I’ve been thinking a lot about birthdays recently, because I have my thirtieth coming up. Yep, the Big 3-0. And guess what? I am not feeling very yoga/Buddhist/Meryl Streep about it. I’m more like Sylvia Plath crossed with Bridget Jones crossed with a mad terrorist who’s got really bad PMS. I’m constantly staring in the mirror like it’s an evil lake, scouring my face frantically for wrinkles, wringing my hands anxiously while some old Haggis McBaggis style crone swims to the surface like a hungry bloody Ichthysaurus. I don’t want to get old. Life is shit enough as it is, as far as I’m concerned.

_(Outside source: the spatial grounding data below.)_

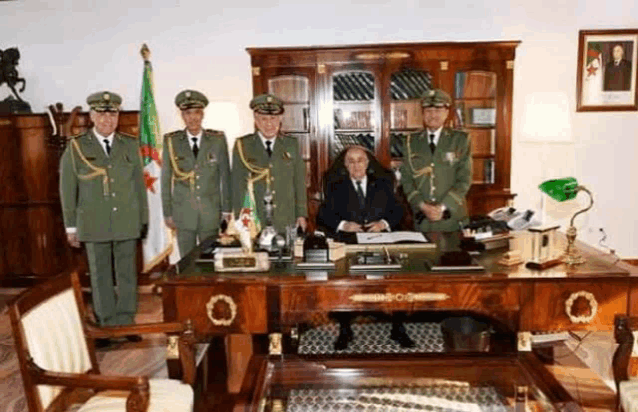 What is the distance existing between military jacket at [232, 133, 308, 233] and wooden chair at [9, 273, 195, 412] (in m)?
1.58

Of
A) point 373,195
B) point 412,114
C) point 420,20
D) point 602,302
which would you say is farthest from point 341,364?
point 420,20

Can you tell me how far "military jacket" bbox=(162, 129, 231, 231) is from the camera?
362 cm

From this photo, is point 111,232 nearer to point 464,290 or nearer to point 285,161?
point 285,161

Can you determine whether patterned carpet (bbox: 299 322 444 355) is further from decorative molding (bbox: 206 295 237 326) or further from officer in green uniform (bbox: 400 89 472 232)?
decorative molding (bbox: 206 295 237 326)

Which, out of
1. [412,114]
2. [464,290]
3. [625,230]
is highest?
[412,114]

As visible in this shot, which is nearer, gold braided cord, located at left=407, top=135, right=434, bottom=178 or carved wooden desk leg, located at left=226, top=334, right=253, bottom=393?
carved wooden desk leg, located at left=226, top=334, right=253, bottom=393

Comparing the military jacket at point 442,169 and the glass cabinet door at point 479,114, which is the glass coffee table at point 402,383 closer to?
the military jacket at point 442,169

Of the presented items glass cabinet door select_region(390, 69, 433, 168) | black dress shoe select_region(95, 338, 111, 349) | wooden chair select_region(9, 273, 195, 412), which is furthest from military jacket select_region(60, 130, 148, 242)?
glass cabinet door select_region(390, 69, 433, 168)

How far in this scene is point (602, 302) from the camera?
2.09 meters

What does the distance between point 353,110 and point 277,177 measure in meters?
1.41

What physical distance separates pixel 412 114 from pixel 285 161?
63.0 inches

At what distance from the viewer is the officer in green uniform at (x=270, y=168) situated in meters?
3.56

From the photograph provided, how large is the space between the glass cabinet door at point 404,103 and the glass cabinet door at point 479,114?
291 millimetres

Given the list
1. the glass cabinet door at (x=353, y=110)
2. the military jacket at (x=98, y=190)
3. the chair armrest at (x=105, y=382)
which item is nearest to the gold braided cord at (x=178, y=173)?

What I don’t understand is why we bother celebrating the fact that we’re a year older. When you’re a kid, it all makes sense, of course. When you’re a kid, you’re so happy to be a year older. You’re desperate for it. Rico said to me, the other day, in the bathroom: “Mum, now I know I am a big boy, because I am five, and five is the end of one hand.’ For kids, a birthday celebration is a real celebration. It’s an achievement. But for us adults? We’re just deadening the pain, man. We’re just drowning that Loch Ness Monster. That’s why we need to get so much alcohol in. Best of all would be if you could get it hooked up to you, like a drip.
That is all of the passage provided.